L’annonce de la participation de Jordan Bardella et Marine Le Pen à la manifestation contre l’antisémitisme attendue ce dimanche 12 novembre suscite une gêne considérable parmi plusieurs partis politiques et figures publiques. Le passé de leur formation politique continue d’influencer leur réputation, l’antisémitisme constituant une problématique essentielle.
Après que Marine Le Pen ait déclaré qu’elle assisterait à la marche contre l’antisémitisme du dimanche 12 novembre, le porte-parole du gouvernement, Olivier Véran, a estimé que le Rassemblement National n’avait pas lieu d’être présent. Son opinion repose sur les origines et le passé du Front National.
Fondé en 1972, ce parti politique doit son existence à des anciens collaborateurs antisémites, dont certains ont même porté l’uniforme de la Waffen SS pendant la Seconde Guerre mondiale. Des personnalités controversées comme Pierre Bousquet, Victor Barthélémy, André Dufraisse, entre autres, ont occupé des postes de direction importants au sein du parti. Parmi les figures antisémites notables du parti, on compte également François Duprat, historien négationniste, et Jean-Pierre Stirbois. Et bien sûr, impossible d’omettre Jean-Marie Le Pen, qui a fait des propos antisémites sa spécialité, lui valant plusieurs condamnations légales.
Il est vrai que Marine Le Pen cherche à se distancer de ce passé troublé, affirmant que son parti a évolué. La leader de l’extrême droite proclame désormais que « la Shoah est l’horreur suprême ». Pourtant, les traces du passé sont encore visibles dans le présent. Par exemple, il y a quelques jours, Jordan Bardella, le président actuel du RN, a déclaré que Jean-Marie Le Pen ne peut pas être qualifié d' »antisémite », et il a même utilisé le passé pour en parler, comme s’il était décédé. Le RN serait sans doute soulagé de pouvoir effacer définitivement son passé encombrant.
« Le RN ne pourra jamais se dresser en défense contre l’antisémitisme »
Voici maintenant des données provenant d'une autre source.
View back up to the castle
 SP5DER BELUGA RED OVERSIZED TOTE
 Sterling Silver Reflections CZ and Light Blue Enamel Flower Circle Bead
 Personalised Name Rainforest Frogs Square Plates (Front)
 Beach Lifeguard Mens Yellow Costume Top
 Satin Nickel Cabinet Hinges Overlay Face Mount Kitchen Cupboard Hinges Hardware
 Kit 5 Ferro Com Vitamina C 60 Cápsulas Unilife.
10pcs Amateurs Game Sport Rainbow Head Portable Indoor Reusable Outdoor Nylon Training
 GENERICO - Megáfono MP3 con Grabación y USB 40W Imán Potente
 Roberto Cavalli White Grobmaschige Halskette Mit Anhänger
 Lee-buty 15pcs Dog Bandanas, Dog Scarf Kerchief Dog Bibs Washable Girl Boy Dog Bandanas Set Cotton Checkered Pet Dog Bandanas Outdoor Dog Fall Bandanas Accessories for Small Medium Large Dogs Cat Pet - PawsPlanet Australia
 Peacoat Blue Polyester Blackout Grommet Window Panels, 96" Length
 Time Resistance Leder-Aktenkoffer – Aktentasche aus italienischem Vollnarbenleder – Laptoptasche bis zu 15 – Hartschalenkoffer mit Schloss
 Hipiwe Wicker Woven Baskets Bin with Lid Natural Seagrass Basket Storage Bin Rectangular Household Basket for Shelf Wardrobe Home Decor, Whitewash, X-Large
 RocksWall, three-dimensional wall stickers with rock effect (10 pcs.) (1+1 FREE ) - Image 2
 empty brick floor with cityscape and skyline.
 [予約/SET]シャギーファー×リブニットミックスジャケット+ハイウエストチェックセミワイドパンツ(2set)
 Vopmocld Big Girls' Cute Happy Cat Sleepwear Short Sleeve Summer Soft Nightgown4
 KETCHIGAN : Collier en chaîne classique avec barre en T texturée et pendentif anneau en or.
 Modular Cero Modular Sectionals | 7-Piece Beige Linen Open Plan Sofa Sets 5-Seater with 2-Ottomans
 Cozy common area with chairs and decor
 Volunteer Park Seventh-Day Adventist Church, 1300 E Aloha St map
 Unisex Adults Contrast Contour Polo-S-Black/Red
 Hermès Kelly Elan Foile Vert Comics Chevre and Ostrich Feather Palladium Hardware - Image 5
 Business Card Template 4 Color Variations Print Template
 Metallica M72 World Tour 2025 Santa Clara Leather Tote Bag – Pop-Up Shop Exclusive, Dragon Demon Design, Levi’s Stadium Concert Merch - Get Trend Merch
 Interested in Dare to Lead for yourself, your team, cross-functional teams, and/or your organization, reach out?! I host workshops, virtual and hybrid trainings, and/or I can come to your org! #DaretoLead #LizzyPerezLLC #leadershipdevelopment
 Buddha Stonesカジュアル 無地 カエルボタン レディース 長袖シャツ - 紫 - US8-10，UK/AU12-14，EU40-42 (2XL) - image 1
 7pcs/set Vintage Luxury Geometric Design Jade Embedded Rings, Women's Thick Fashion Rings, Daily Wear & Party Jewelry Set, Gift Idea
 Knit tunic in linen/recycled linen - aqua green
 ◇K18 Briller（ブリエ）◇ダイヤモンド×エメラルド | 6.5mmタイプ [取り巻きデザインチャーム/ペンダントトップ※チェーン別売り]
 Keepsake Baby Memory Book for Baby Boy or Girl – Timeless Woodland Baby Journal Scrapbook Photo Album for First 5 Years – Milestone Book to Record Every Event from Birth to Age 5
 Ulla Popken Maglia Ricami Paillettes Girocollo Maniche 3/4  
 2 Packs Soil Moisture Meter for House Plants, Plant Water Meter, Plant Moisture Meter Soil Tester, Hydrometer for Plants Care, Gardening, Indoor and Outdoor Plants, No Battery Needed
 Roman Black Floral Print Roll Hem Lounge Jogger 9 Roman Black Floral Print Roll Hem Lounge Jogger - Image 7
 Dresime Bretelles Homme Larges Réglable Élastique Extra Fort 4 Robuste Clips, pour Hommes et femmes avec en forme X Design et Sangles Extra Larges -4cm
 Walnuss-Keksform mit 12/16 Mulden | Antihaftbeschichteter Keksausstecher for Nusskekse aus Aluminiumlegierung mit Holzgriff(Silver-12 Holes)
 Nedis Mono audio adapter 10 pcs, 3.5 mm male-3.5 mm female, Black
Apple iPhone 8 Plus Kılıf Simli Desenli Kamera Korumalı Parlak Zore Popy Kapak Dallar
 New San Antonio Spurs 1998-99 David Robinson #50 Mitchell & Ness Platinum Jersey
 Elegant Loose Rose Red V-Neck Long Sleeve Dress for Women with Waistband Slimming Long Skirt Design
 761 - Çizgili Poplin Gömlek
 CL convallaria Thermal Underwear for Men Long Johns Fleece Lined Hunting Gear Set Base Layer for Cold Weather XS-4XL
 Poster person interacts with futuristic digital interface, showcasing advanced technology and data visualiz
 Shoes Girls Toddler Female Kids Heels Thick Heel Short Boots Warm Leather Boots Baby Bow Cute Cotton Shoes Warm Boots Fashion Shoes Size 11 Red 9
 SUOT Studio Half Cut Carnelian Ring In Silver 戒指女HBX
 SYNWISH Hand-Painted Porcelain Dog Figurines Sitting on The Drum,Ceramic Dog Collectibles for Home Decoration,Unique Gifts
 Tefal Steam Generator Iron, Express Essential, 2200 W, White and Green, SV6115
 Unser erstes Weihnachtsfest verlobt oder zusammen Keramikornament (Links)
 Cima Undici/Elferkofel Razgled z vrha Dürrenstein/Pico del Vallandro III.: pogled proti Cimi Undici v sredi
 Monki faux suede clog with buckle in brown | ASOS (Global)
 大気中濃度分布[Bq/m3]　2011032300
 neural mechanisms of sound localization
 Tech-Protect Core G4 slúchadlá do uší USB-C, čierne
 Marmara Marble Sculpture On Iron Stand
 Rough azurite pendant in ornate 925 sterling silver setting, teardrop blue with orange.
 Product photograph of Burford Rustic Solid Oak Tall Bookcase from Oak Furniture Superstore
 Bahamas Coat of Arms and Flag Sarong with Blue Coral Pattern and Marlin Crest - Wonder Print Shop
Or, nonobstant ses 95 ans, Jean-Marie Le Pen est toujours vivant, tout comme son héritage malheureux que sa fille n’arrive pas à effacer. Lors du congrès du RN de 2022, elle a insisté sur le fait qu’elle « assume » l’histoire de son parti. Un exemple parmi beaucoup d’autres de cette duplicité. En 2015, en réponse à la position du chanteur Patrick Bruel contre lui, son père avait déclaré : « La prochaine fois, on fera une fournée ! » Sa fille avait regretté « une erreur politique » et critiqué « l’interprétation malveillante » des médias, sans pour autant condamner le fond de l’insulte.
La raison de cette double langue est la présence continue de personnalités antisémites au sein du parti et de son entourage, notamment parmi ses amis du GUD, le syndicat étudiant d’extrême droite. Plusieurs sondages d’opinion ont révélé que les électeurs du RN sont ceux qui adhèrent le plus aux préjugés antisémites, comme l’idée que les juifs seraient riches ou auraient trop de pouvoir, par exemple. Même si le RN n’a pas sa place comme organisation politique à la marche du dimanche, il est impossible d’empêcher ses dirigeants d’y participer en tant que citoyens. Le mieux serait probablement de rester à l’écart, comme le suggère le président du Crif, Yonathan Arfi, rappelant que « le RN ne pourra jamais se dresser en défense contre l’antisémitisme ».